Me dolió hasta el alma, aunque el dolor físico no tuvo importancia. ¿Qué era para mí un golpe en la mano?. Casi nada. Sí totalmente inesperado. No aguardaba la agresión. Me pareció un exceso de brutalidad. La disciplina y los métodos vigentes lo permitían. ¿Cuántas veces había sido advertido?. Lo sabía, pero un acto natural me llevaba a tomar la tiza con la mano izquierda. A pesar de aquellos primeros palotes torpemente hechos en papel cuadriculado con obligada mano derecha. Aunque habían transcurrido tres años de esa, mi prrimera experiencia escolar, la distancia, el tiempo mediado entre esos primeros días de clase llenos de miedos, angustias, incertidumbres y ese momento se me antojaron siglos, un hecho remoto, aunque por mi escasa edad ignorara claramente la medida del tiempo. Insisto, me dolió en el alma. Me puse rojo de vergüenza, también de ira. La maestra, parada casi a mi lado, amenazante puntero en mano dispuesta a repetir el castigo o ampliarlo en forma más refinada. Me haría juntar los dedos de mi mano izquierda hacia arriba y sobre sus puntas descargaría el peso de su arma.

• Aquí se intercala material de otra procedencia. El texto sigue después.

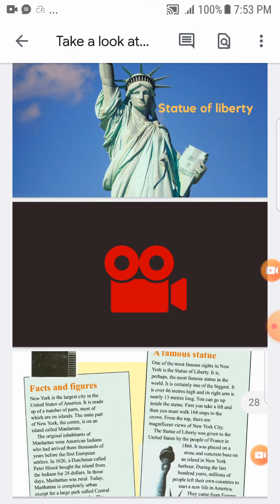New York is the largest city in the United States of America — 'largest.' We studied comparative adjectives: one-syllable adjectives are compared in a certain way — larger, larger than, the largest. New York is the largest city in the United States of America. It is made up of a number of parts.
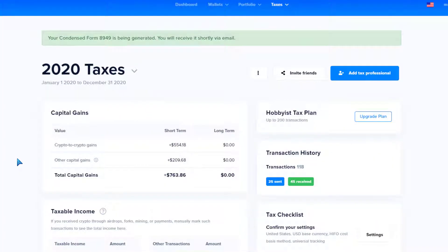What's going on guys — it's that dreaded time of the season: taxes, the grim reaper. Now keep in mind I am NOT a certified public accountant; I'm here for entertainment and educational purposes only. If you have any doubt about your crypto taxes, be sure to talk to a tax professional.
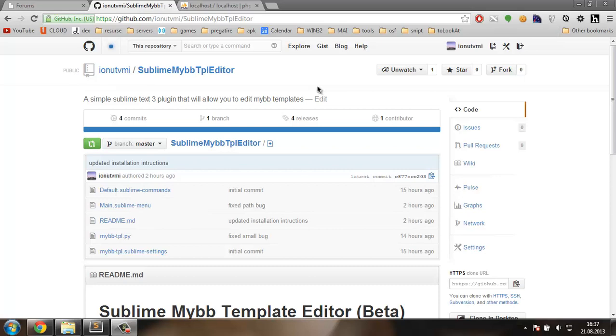Hello everybody, my name is Mihai and in this video I'm going to show you how to use Sublime MyBB TPL Editor.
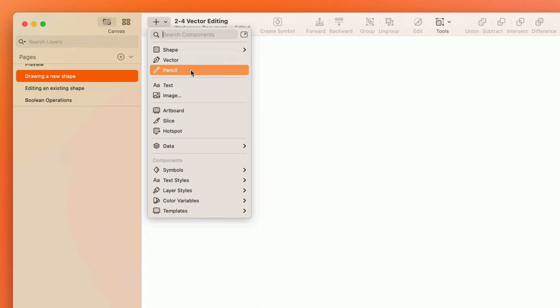The Pencil tool, which allows you to draw paths completely freehand, and the Vector tool, which allows you to draw paths using points and bezier curves.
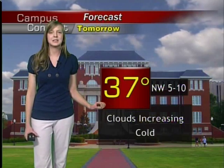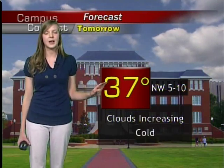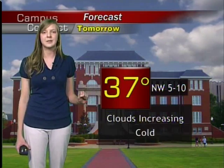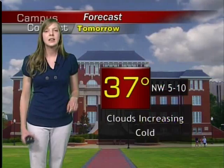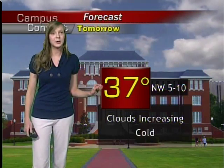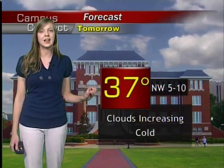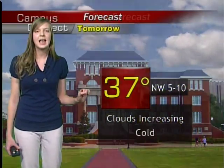Tomorrow, clouds are increasing with the temperature up to 37 degrees. The winds again at 5 to 10 miles per hour, which will make this feel a lot colder than it actually is.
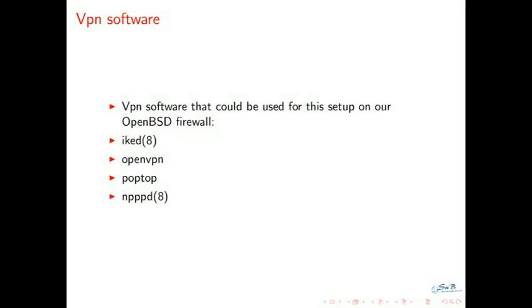The main problem initially was we had to decide which VPN software we would use. We wanted to use OpenBSD as firewall, so we had deployed many to other customers. We could use iked, but iked had some problems with user-pass authentication a couple of years ago, and it requires Windows 7 for the client. By the customer, we had Windows XP, Windows 7, Mac OS, and all kinds of other stuff, so it was impossible to use.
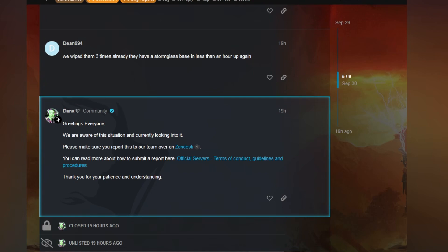The copy and paste responses, you gotta love it. Let's talk about the first sentence: we are aware of this situation and currently looking into it. Please make sure you report this to our team. But you just told me previously you're already looking into it.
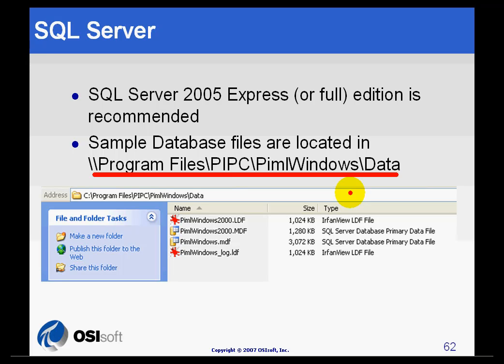The process of attaching these files to the database is simple, but you will need the assistance of your network administrator. Let me show you how it's done.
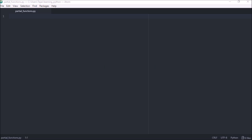That's a lot of functions. So let's look at an example of how you can create a partial function. Here we have a simple multiply function. Let's say we want to write a function that doubles the value given to it.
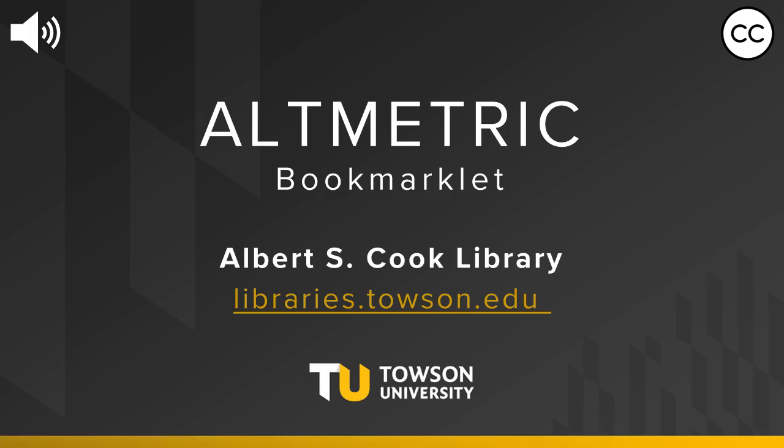Hi, it's Carrie. I'm the Research Impact and Health Professions Librarian at the Cook Library. In this video, I'm going to show you how to use the Altmetric bookmarklet.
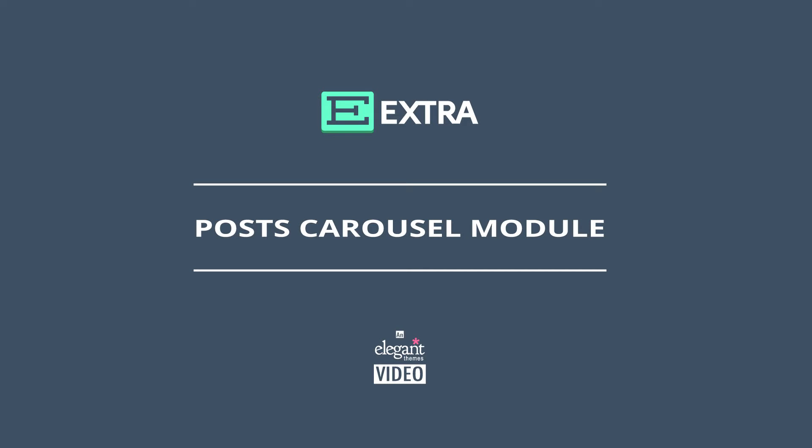Hey everyone, Nathan from Elegant Themes here. In this tutorial, I'm going to give you an overview of Extra's Post Carousel module.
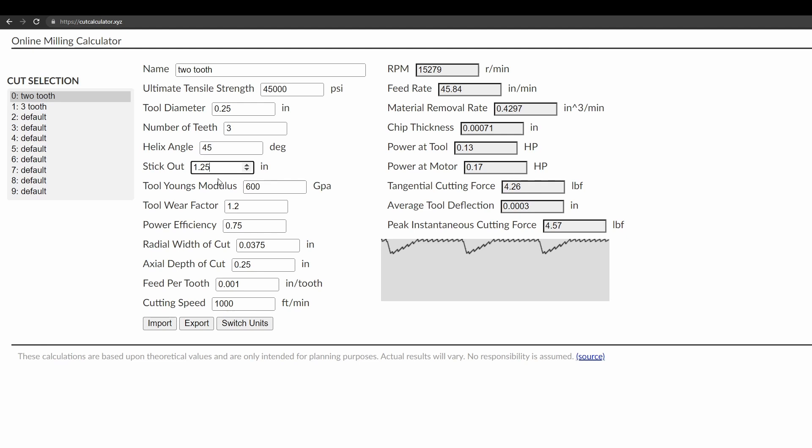The stick out is referring to the amount of distance between the collet or whatever tool holder you have and the tip of the tool. And that's used along with the tool's Young's modulus to compute average tool deflection. If the tool deflection is too high, you can find that it won't cut perfectly to size because the tool is flexing, and so it's not actually taking away as much material as you might think. And then the other issue is if this gets too high, obviously you start to risk tool breakage.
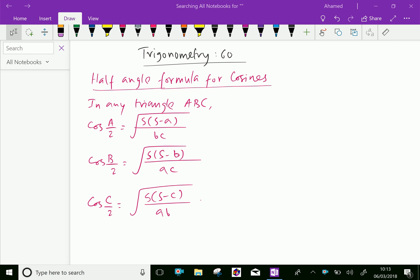Welcome to amineacademy.com. In trigonometry, let us do the half angle formula for cosines when the sides of a triangle are given. In any triangle ABC, cos(A/2) equals square root of s(s minus a) over bc, cos(B/2) equals square root of s(s minus b) over ac, and cos(C/2) equals square root of s(s minus c) over ab, where s is half the perimeter of the triangle.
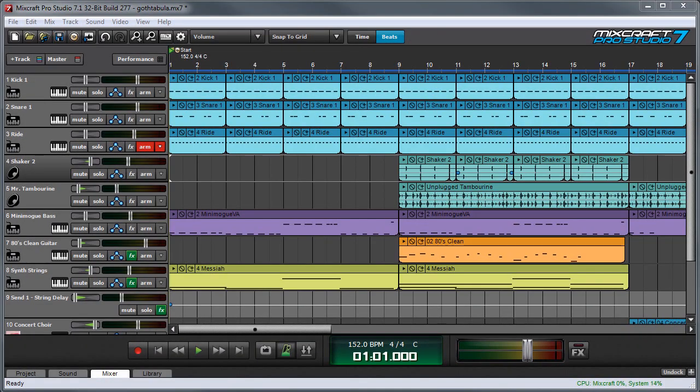Submix tracks are useful for grouping similar track types together, such as drums, backing vocals, layered instruments, and more.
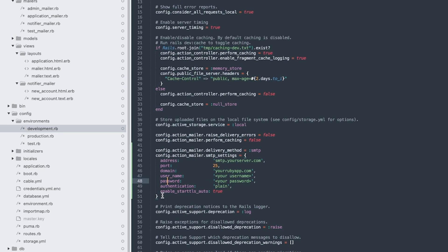What's left now is to list the sender's address, domain, username, and password that our SMTP server uses. You can also use different authentication methods like plain, login, or cram_md5. In our example, we will use MailTrap as the SMTP server, but the same principle applies to any other SMTP server with its credentials.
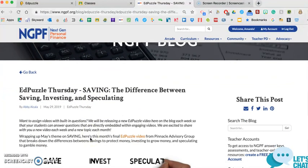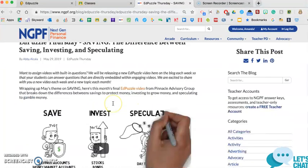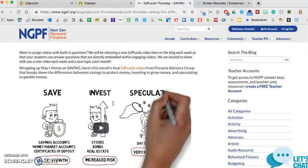So the first one I clicked on is their most recent Edpuzzle video, which is the difference between saving, investing, and speculating.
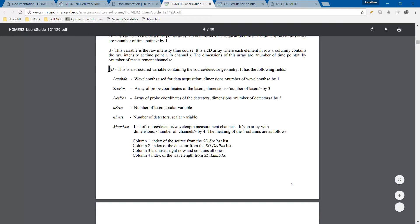The SD variable is very important. You're going to have SD.Lambda, SourcePosition, DetectorPosition, Number of Sources, Number of Detectors, and this MejList variable, which is going to actually be the channels. That's actually going to be the number of channels as a row dimension.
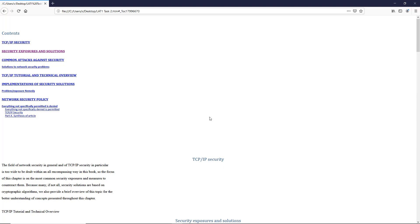I'm also going to create another video on how to create a manual table of contents, so if you want to do this more manually, you can see how to do that as well. But that is how you create an automatic table of contents in Microsoft Word 2019.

No le voy a permitir escribir con la mano izquierda. Deberá para hacerlo utilizar su mano derecha. La izquierda le está prohibida. Ignoraba yo en ese momento cuan proféticas resultaron sus palabras, aunque con un sentido totalmente diferente, y en qué forma esa prohibición metafóricamente incidiría en mi futura vida. Como resistiría vivir prohibido o rodeado de prohibiciones. La tiza voló. Más avergonzado aún me agaché a recogerla dispuesto a continuar el ejercicio de aritmética , ahora sí, con mi mano derecha. Esa fué la última vez. Jamás volvería permitirme esa acción entre institntiva, natural, trasmitida por mis nervios a mis músculos. Lejos estaba de sospechar o imaginar que un remoto día, lejanísmo para ese momento, mi sistema inmunológico se interpondría entre mis órdenes y mis músculos voluntarios. Que una enfermedad neurológica llamada miastenia gravis se apoderaría de mí. Entonces mi mano izquierda y también la derecha, mis párpados, mi posibilidad de deglutir, hasta de caminar, correrían serio peligro.
En mi mente, en mis sueños desde aquel momento desplegué mis brazos como alas. Los extendí, los agité, volé en el cielo de la materialidad, en el cielo de la fantasía. ¡Mis brazos!. En esos vuelos desarrollé imaginación, ensueños, utopías. Ejercí un imaginario libre albedrío irrepetible. De niño, de adolescente, de joven, de adulto. Ahora de viejo no, ya no vuelo aunque pretendo seguir siendo libre encarcelado en un cuerpo que responde muy poco. Estoy en la tierra ejercitando mi memoria, recordando en relatos de contenido interior, casi íntimos. Sin otro vuelo que aquel impreso en mis palabras, mis escritos, mis nostalgias.
Ella mi mano izquierda no volvió a necesitar un requiem. Fué siempre mi mejor compañera, mi mejor instrumento. Eso sí, mis ideas tampoco lo necesitaron.